Tribe Leader Calls for Peace at Pipeline Protest: 'Respect Our Lands, Our People, Our Rights'
"We live with so many broken promises," Standing Rock Sioux chairman said.
— -- The chairman of the Standing Rock Sioux Tribe has called for peace, justice and focus as he leads hundreds of Native American groups and environmentalists pushing to block the four-state Dakota Access Pipeline near the tribe's reservation.
"The Standing Rock Sioux Tribe has always maintained the position that we’re about protecting our water. We’re about protecting our sacred places. We’re about protecting our sovereignty. We’re about protecting the future, our future generations, the children who are not yet born. We have always opposed this pipeline, not for any other reasons, those are our reasons," Tribal Chairman Dave Archambault II told ABC News.

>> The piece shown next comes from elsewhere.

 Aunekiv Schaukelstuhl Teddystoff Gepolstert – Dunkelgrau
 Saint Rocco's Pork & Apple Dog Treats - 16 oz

"There’s all these things that happened to tribes over time that were unjust, that were not right. And nobody stood up," Archambault said. "Today, we’re saying no. Don’t put this pipeline here. Enough is enough. Respect our lands, respect our people, respect our rights."
Archambault outlined a long history of injustices that have been committed against indigenous people spanning back generations, the effects of which he says are still palpable to this day.
"We didn’t ask to be the highest poverty rate in the nation. ... And we didn’t do that to ourselves. It’s all the wrongs that took place," Archambault said.
Archambault added that they were not trying to entirely block the 1,172-mile pipeline, and said the tribe would be happy with a reroute away from culturally sacred sites and far from the reservation's water supply, saying a "reroute is a solution that recognizes tribal sovereignty, that recognizes tribal rights."
"We live with so many broken promises," Archambault told ABC News. "Even if they just say, ‘We’re going to reroute this pipeline out of your territory,’ that’s huge for indigenous people. ... We can reroute this and it’s a win that recognizes our rights, our lands."
Kelcy Warren, the CEO of Energy Transfer Partners, the company behind Dakota Access Pipeline, wrote in an internal memo to staff in September that "concerns about the pipeline’s impact on the local water supply are unfounded," and that "multiple archaeological studies conducted with state historic preservation offices found no sacred items along the route."
Archambault urged the hundreds of demonstrators who have convened in Cannon Ball, North Dakota, to remain nonviolent, reiterating calls for peace.
"We’ve always asked that this be peaceful and prayerful," Archambault said. "We don’t condone violence from law enforcement and we don’t condone violence from our water protectors."
ABC News' Evan Simon contributed to this report from Cannon Ball, North Dakota.